Bu uğurda faizleri sürekli düşüren Merkez Bankası (MB), aynı dönemde uyguladığı ‘liralaşma stratejisi’ kapsamında bankalar için uyguladığı Türk Lirası cinsinden menkul kıymet tesisi oranını yükseltmişti. Ayrıca, TL mevduatın yüzde 50’nin altında kalması halinde bankalara ek yükümlülükler getirecek adımlar da atılmıştı.
Bu uygulamadan rahatsızlıklarını belirten banka genel müdürleriyse, daha önceki bir toplantıda MB Başkanı Şahap Kavcıoğlu’nu Hazine ve Maliye Bakanı Nureddin Nebati’ye şikayet etmişti.
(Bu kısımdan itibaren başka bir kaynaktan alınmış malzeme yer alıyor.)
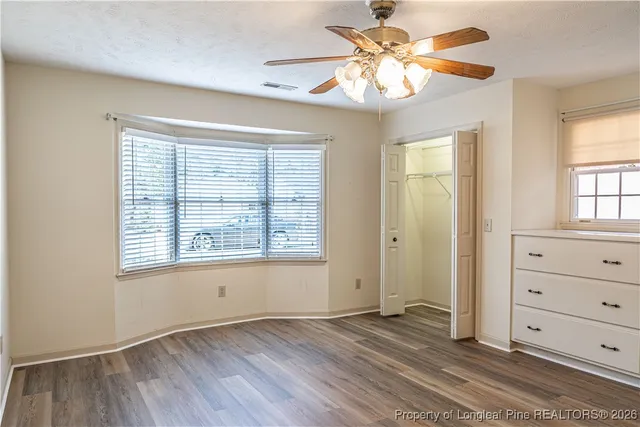 a view of an empty room with a window and a dresser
En son duruma açıktan tepki gösteren İş Bankası Genel Müdürü Hakan Aran, Merkez Bankası’nın getirdiği düzenlemeler nedeniyle bankacılık sektörünün ‘yeni ekonomi modeli’nin desteklediği sektörleri bile destekleyemeyecek hale geldiğini söylemişti.
Dün Nebati, bankaların ve iş dünyasının şikayetlerini görmezden gelerek ‘ihtiyatlı teşvik politikalarına’ devam edeceklerini söyledi.
MB baskıyı arttırdı
Diğer yandan MB de ‘baskıyı’ arttırdı. Reuters’a bilgi veren iki bankacılık kaynağı, aralarında İş Bankası’nın da olduğu bazı bankaların üst yönetiminin, iki gündür ayrı ayrı MB ile görüştüğünü söyledi.
Toplantılara bankalardan genel müdür ve genel müdür yardımcıları katılıyor.
Bir bankacılık kaynağı görüşmelerde son dönemde tartışma konusu olan regülasyonlarla ilgili karşılıklı görüşlerinin paylaşıldığı bilgisini verirken, bir diğer kaynak da bu politikalara ilişkin, “MB kararlı şekilde devam edeceği mesajını veriyor” dedi.
İkinci kaynak da MB’nin ‘kaynakların sürdürülebilir ekonomik faaliyetin ihtiyaç duyduğu alanlara yönelmesi yönünde oluşan politikalara devam edilecek’ ve ‘yatırım, istihdam, katma değerli üretim ve ihracatı artırıcı selektif kredi anlayışı kuvvetlendirilerek devam edecek’ mesajını verdiğini söyledi.